_Given material_.
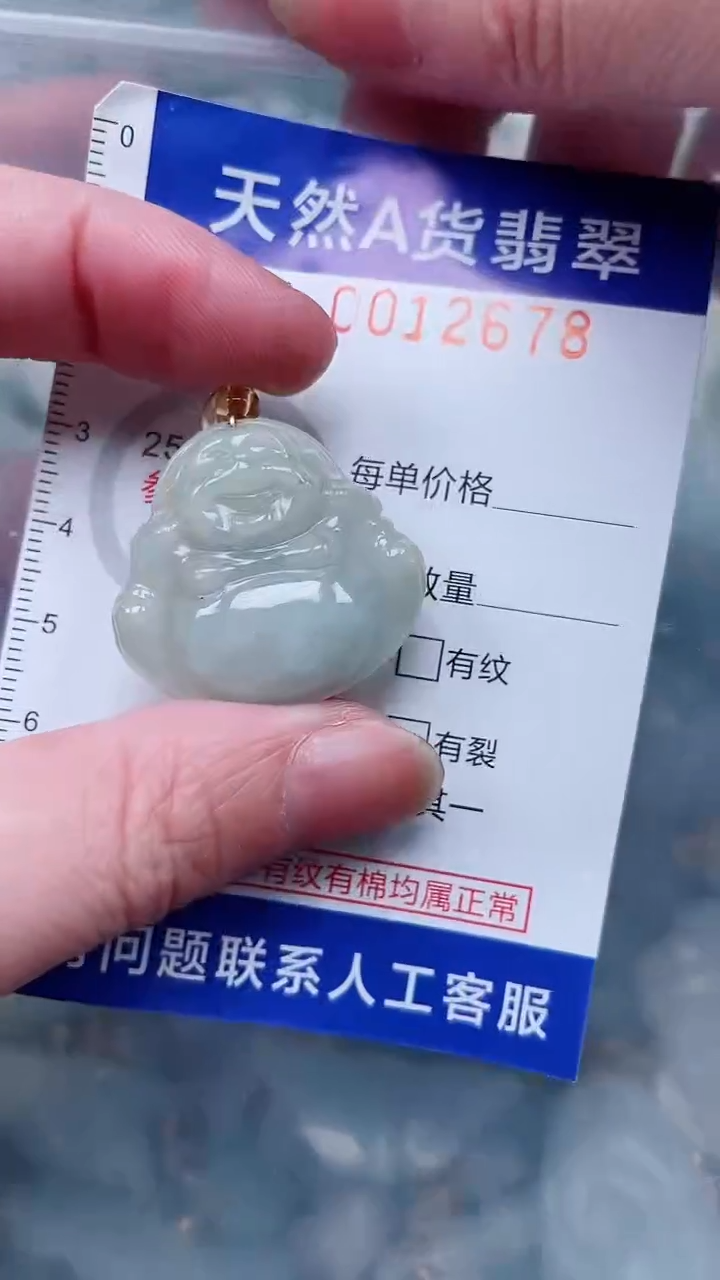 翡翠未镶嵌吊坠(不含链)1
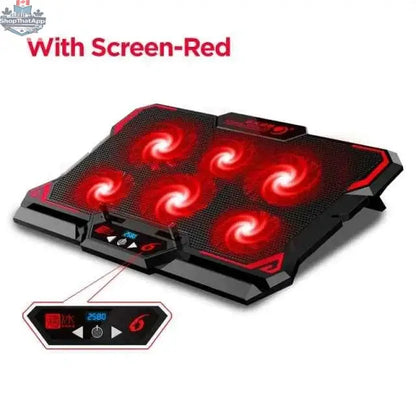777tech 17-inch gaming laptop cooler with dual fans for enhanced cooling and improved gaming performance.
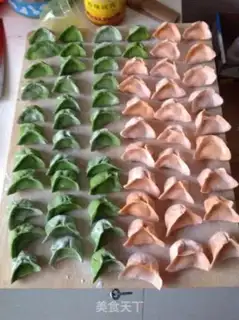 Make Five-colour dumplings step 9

_Work order_. Nothing but the lines from the one that contains "777tech 17-inch gaming" through the end of the material above is to be reproduced, exactly and without pictures.

_Result for this exercise_.
777tech 17-inch gaming laptop cooler with dual fans for enhanced cooling and improved gaming performance.
 Make Five-colour dumplings step 9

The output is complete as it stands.